━━━ Information supplied ━━━

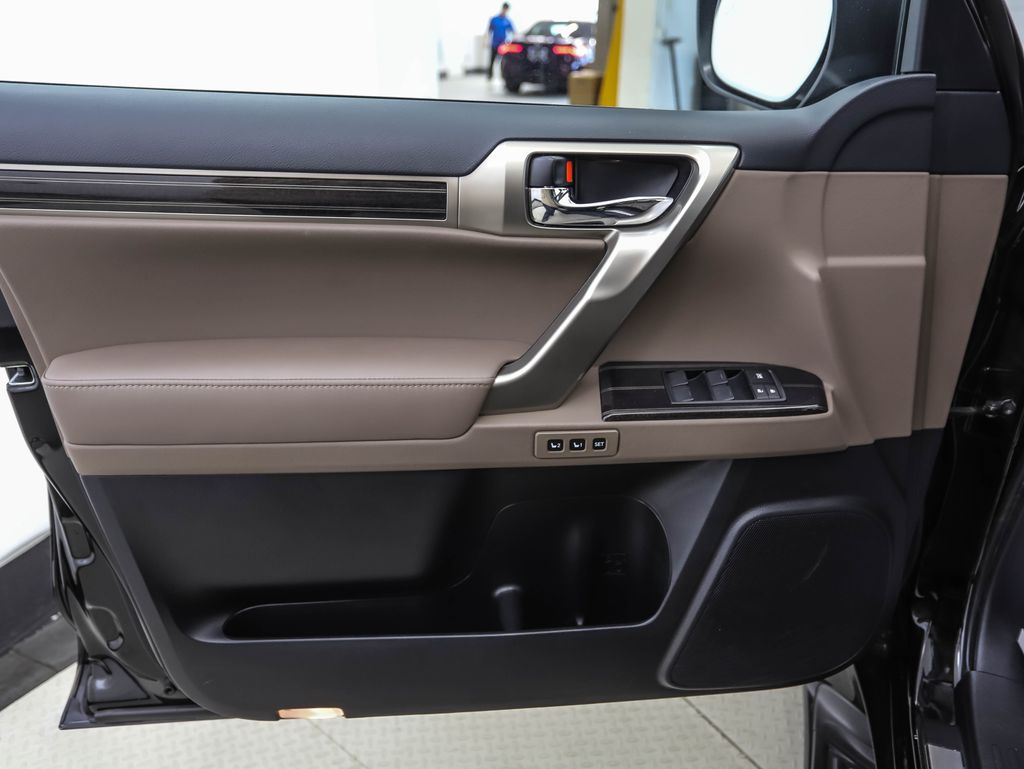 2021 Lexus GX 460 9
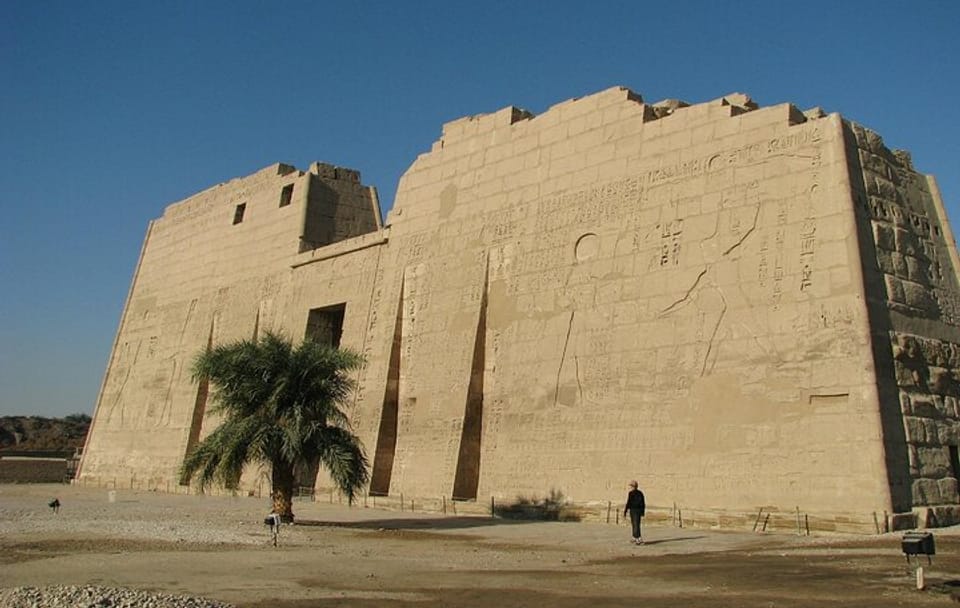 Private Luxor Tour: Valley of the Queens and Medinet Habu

━━━
━━━ Information supplied ━━━

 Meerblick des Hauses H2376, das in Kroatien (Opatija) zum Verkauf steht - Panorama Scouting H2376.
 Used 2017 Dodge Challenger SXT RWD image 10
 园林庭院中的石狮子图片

━━━

- About this exercise:
In the entries above, the lines between the one holding "Used 2017 Dodge Challenger SXT RWD image 10" and the one holding "园林庭院中的石狮子图片", inclusive, are to be printed exactly as written, and those alone.

- Answer box:
 Used 2017 Dodge Challenger SXT RWD image 10
 园林庭院中的石狮子图片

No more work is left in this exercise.